If you’ve not seen these “chain mail” statuses, they go something like this:
If you love Jesus and believe he is your Lord and Savior and will arm-wrestle the atheists til they cry Uncle, and you think Charlie Sheen is getting too much tail while our soldiers are suffering poon-less in Afganistan, and you support corner offices for lawyers with more than two years of experience, then copy and paste this into your status for one hour. Really, just an hour is all we need. (Guilt trip coming up): I know that 99.9% of you losers won’t lift a finger to do this, so I’m cluttering up the interesting stuff with this lame status update because I can’t think of anything original to say.”
Now, is it just me, or are these status updates annoying? I mean, the doppleganger game was kinda fun, the bra game sweet, but don’t get me started on the cartoon characters one. I saw everyone changing their profile picture to a cartoon character and thought it was cute until I read someone’s status explaining the motivation behind it. If you “stand up to child abuse” put a cartoon character as your profile pic. How the heck is that going to prevent child abuse? As one poster put: “The invasion of happy childhood memories helps spread the prevention of child abuse.” Seriously? Because I know some people whose childhood memories ARE of child abuse. I just hope their cartoon character had insurance for PTSD counseling.
Maybe it’s my big mouth and opinions like this that got me unfriended today. This was no “average” unfriending – I liked this person and considered us friendly acquaintances. It’s going to be a tad awkward when I run into her next. This unfriending wasn’t traumatic – I would place it somewhere between a Post It Note Breakup and a Text Message Breakup. The difference is that you feel so surprised and the questions start popping up: “Why did she unfriend me?” “Did I say something offensive or is she just culling the herd?” “How long ago did she unfriend me and why am I the last to know?” “Who else knows about this???” “Am I that annoying?” “Do I drop the f-bomb a wee much?”

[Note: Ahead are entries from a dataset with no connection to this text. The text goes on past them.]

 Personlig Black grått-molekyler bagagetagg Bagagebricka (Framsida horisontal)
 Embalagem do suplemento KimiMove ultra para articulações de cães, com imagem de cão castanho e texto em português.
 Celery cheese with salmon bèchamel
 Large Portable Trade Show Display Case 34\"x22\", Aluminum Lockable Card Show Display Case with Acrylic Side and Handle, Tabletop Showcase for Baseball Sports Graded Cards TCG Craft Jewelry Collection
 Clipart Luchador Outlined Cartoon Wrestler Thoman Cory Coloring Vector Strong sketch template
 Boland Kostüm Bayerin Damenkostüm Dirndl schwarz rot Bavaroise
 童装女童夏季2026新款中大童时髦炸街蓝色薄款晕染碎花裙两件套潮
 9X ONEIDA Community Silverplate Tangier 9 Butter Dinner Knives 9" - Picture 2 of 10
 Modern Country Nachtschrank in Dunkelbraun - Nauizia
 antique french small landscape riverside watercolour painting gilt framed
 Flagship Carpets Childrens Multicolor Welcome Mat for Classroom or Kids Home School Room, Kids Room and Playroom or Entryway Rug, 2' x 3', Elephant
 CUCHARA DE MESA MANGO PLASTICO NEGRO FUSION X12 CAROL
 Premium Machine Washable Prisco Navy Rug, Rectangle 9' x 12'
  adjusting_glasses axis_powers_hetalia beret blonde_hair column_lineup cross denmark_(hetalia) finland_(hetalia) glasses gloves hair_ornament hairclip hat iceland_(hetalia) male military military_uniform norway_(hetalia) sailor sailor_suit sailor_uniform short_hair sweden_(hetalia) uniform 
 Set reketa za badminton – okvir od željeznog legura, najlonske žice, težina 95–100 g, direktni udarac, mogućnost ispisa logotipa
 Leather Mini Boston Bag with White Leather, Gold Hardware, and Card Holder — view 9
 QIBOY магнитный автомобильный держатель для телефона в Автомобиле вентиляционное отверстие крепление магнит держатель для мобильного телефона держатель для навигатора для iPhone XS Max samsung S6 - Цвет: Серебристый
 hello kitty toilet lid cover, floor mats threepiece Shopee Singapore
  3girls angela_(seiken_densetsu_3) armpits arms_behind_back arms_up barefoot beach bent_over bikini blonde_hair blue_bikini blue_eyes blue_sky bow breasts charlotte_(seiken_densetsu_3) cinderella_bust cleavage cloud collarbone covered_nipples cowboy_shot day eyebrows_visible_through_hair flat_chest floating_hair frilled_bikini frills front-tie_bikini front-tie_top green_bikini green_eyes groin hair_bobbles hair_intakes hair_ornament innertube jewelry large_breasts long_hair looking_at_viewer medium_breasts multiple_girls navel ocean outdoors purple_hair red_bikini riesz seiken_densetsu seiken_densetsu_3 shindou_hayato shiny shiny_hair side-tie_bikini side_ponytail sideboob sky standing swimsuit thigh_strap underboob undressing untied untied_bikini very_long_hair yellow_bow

While the answer to those last two questions may be yes, I have to say that I think I have only unfriended four people, and I believe I gave all of them notice and a reason. If I don’t get along with someone or don’t want to read their posts, I generally just hide their feed. But alas, I got my ass unfriended today. I’m trying to look at it on the bright side: even the losers get lucky sometimes. One less bell to answer, bitch.
Maybe, for my future posts, I will add a user satisfaction survey to be more Facebook-friendly. I can ask questions such as:
“Did you find this post helpful?”
“Would you “Like” this post again?”
“Would you share this post with a friend?”
“If you could improve this post, what changes would you make?”
The problem is, that would be boring. I guess I’d rather have the crazy, wacky friends that I appreciate – and that tolerate and appreciate me – than some lame-o stick in the mud. {STICKS TONGUE OUT}
I’m mature, I know.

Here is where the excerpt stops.